··· DATA RECORDS ···

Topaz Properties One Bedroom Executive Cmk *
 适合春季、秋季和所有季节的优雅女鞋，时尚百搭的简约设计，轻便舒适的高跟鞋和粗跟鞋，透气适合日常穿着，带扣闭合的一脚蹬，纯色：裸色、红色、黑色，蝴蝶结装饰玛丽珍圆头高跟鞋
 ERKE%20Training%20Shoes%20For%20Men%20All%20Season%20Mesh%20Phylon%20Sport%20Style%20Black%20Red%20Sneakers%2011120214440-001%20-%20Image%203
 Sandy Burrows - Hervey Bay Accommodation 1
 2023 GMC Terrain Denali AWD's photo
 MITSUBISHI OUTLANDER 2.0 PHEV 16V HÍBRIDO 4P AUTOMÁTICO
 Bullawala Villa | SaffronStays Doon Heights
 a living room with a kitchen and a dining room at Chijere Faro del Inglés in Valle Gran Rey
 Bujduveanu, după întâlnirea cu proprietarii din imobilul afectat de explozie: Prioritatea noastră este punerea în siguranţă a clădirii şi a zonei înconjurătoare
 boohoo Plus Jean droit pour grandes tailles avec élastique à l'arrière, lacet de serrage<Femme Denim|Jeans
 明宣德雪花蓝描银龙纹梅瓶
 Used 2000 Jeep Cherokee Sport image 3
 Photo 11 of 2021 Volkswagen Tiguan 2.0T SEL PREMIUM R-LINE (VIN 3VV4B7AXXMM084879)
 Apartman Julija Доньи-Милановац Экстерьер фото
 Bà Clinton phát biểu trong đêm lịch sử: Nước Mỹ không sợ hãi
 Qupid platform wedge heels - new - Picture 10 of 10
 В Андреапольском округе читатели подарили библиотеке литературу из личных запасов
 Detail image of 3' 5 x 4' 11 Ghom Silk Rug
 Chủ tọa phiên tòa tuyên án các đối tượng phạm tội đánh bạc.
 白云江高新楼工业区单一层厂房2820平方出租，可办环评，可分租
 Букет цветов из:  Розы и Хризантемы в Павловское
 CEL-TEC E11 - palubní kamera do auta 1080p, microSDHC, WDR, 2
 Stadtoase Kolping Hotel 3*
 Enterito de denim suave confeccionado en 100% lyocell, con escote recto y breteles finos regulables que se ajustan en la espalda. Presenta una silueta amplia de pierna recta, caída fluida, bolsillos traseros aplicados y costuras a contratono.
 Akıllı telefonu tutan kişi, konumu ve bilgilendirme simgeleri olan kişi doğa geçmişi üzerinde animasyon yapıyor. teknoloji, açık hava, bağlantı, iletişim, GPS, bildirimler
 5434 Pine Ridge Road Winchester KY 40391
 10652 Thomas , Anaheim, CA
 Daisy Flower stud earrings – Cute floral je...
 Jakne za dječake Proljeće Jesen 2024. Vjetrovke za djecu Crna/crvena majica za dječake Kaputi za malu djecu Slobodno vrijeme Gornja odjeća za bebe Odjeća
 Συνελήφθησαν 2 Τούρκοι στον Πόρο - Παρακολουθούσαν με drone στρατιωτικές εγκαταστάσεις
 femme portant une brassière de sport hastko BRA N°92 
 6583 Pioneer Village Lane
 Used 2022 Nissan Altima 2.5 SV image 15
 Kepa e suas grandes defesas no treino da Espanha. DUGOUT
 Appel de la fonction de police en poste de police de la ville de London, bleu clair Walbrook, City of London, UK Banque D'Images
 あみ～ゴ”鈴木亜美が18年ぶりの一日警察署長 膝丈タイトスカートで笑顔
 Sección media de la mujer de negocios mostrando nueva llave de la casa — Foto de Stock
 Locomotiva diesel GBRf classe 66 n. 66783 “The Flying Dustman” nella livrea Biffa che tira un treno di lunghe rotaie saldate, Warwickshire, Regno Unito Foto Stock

···

→ **BRIEF**
Among the entries above, locate the lines containing "Daisy Flower stud" and "Kepa e suas", and transcribe exactly those two lines and all lines between.

→ **WRITTEN REPLY**
 Daisy Flower stud earrings – Cute floral je...
 Jakne za dječake Proljeće Jesen 2024. Vjetrovke za djecu Crna/crvena majica za dječake Kaputi za malu djecu Slobodno vrijeme Gornja odjeća za bebe Odjeća
 Συνελήφθησαν 2 Τούρκοι στον Πόρο - Παρακολουθούσαν με drone στρατιωτικές εγκαταστάσεις
 femme portant une brassière de sport hastko BRA N°92 
 6583 Pioneer Village Lane
 Used 2022 Nissan Altima 2.5 SV image 15
 Kepa e suas grandes defesas no treino da Espanha. DUGOUT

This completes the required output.